Askeri riskten dolayı Irak hükümetinin PKK sorununu çözmeye yanaşmadığı vurgulanan raporda "Dağlardan PKK'lılar temizlense bile, bu, radikal İslamcıların Afganistan'daki Tora Bora bölgesi gibi PKK'nın boşalttığı bölgeleri kendi kalelerine çevirmelerine yol açabilir” görüşü savunuldu.
Irak hükümetinin endişesini dile getiren Chatham Kürt raporu, İran'daki PKK'nın kardeş örgütü PJAK'ın Irak sınırı yakınlarında İran ordusu ile kanlı çatışmalar yaptığına değinirken “PKK'nın aksine, PJAK ABD hükümeti tarafından terörist örgüt olarak tanımlanmıyor.
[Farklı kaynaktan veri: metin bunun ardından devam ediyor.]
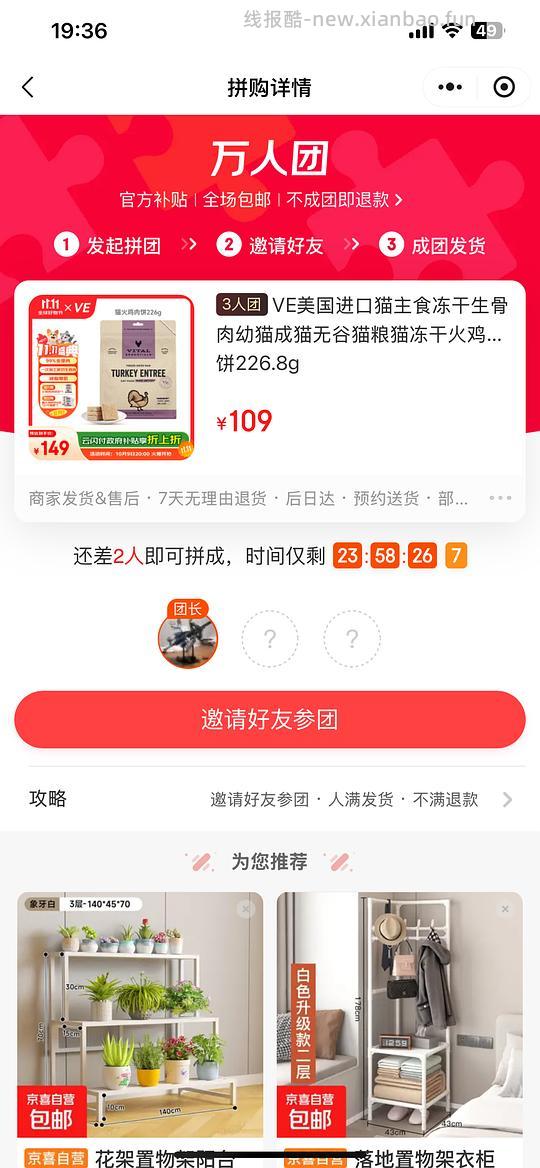 🐶东 ve 冻干 - 线报酷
Irak Kürdistanı'ndaki Kandil dağlarındaki takviye siperi İran topçu ateşine maruz kalıyor” dedi.
Bölgedeki çatışmaların hiçbirinin bağımsız Kürt devletine zemin hazırlamadığını kaydeden rapor, Irak Kürdistanı'nın varlığı ve zenginliğinin Kürt milliyetçiliğini bölgede kışkırttığını ve tarihlerinde ilk defa bazı Kürtlerin politik geleceklerini şekillendirme fırsatını bulduklarını kaydetti.
Irak Kürt Bölgesel Hükümetinin sağlamlaşmasının çok büyük önem taşıdığına dikkat çeken Chatham House, Irak'taki Kürtlerin kendi geleceklerini tayin etme ve bölgedeki diğer Kürtleri etkileme fırsatını yakaladıklarını iddia etti.
Kürtlerin politik isteklerinin sınırlı kaldığının altını çizen rapor, Kürtlerle bölgesel devletler arasındaki ilişkilerin, Ortadoğu'nun geleceğinin Kürtlerin geleceğiyle yakından bağlı olması anlamına geldiğini kaydetti.
Rapor, bölgesel ve Batılı politika yapıcılarına Irak ve Türkiye'deki Kürtlerin rolünü, Suriye ve İran'daki Kürtlerin kendi hükümetleriyle ilişkilerini yeniden değerlendirmelerini önerdi.
Türkiye'nin AB'ye giriş müzakerelerinde Kürtlerin odak noktası haline geldiğini belirten Chatham House, “Türkiye AB'ye girmek istiyorsa, Kürtlere karşı tutumunu düzeltmeli ve bu yolda bazı reformlar uygulamalı” önerisinde bulundu.